自分とは何者なのか?  誰かからそのように質問されて、明確に返答できるでしょうか? シンプルな問いではありますが、それゆえに返答に窮するかもしれません。
 自分のアイデンティティを簡潔な言葉でまとめてみる。これは幹部としてだけではなく、ひとりの社会人としてチャレンジすべき活動ではないかと僕は考えています。
 「私は○○○○である!」と言い切ることのできるもの。この「○○○○」に入る言葉が見つかったら、どれほど自信につながることでしょう? もちろん「○○○○」は数文字とは限りません。1文字であってもよいし、数10文字の人もいるでしょう。できれば、頭の中ですぐに唱えることのできるような文字数がおすすめです。アイデンティティは人生の中で何度も自分を救ってくれるもの。とっさのときにパッと出てくる言葉のほうが使い勝手がよいのです。
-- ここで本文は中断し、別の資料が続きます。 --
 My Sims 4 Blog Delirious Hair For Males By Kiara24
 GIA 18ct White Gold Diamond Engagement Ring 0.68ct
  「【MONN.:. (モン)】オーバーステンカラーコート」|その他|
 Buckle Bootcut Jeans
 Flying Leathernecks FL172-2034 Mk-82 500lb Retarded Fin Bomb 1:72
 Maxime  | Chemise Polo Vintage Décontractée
 自分のアイデンティティを簡潔な言葉にまとめることができると、どのような変化が起こってくるのか? 僕の場合は「自信」につながりました。自信満々といった意味での自信ではなく、自己信頼といった意味合いです。アイデンティティは「他の誰にもない自分ならではのもの」であり、「自分が持って生まれた本質的な価値」でもあります。自分の価値を自覚することができれば、自分の人生に意味を見いだすことができるようになるものです。
 自分にはそんな大層なものはない……。自分はこれまで誇れるような人生を歩んできたわけではない……。そう思う人もいるかもしれません。しかし、自分のこれからの人生を意義深いものとしていくためのヒントが、自分史の中に隠れています。過去に起こったさまざまな出来事と過去に行った無数の意思決定が今の自分を形成しているわけですから、ヒントは自分史の中にあると考えてよいでしょう。
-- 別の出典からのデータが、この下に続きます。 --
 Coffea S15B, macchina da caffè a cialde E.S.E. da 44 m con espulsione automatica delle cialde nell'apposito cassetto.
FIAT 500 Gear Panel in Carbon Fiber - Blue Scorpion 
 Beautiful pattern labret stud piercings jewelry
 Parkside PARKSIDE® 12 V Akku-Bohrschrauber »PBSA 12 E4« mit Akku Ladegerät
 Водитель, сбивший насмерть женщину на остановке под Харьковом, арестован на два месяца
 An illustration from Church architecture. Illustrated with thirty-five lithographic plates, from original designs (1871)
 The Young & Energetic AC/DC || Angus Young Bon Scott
 もしかすると、自分史には記入しなかったささいな出来事が今の自分に大きな影響を及ぼしているのかもしれません。自分史年表は教科書に載っている歴史年表とは異なります。大きな出来事より、案外ささいな出来事のほうが自分にとって重要な意味を持つことがあります。したがって、できる限り詳細な年表を作成することがアイデンティティを見いだす上では重要となってくるのです。
 年表を作成してもピッタリの言葉が見つからない人は、毎日「自分は何者なのか?」と自問することです。問いを持ち、自問しながら、目の前の仕事に打ち込む。それによってアイデンティティを見つける人も多いのではないかと思います。

※「新版・次世代幹部養成塾」はソーゴー印刷若手社員向けに作成しているものです。異業種、他社の方には当てはまらない考え方も含まれていることを、あらかじめご承知おきください。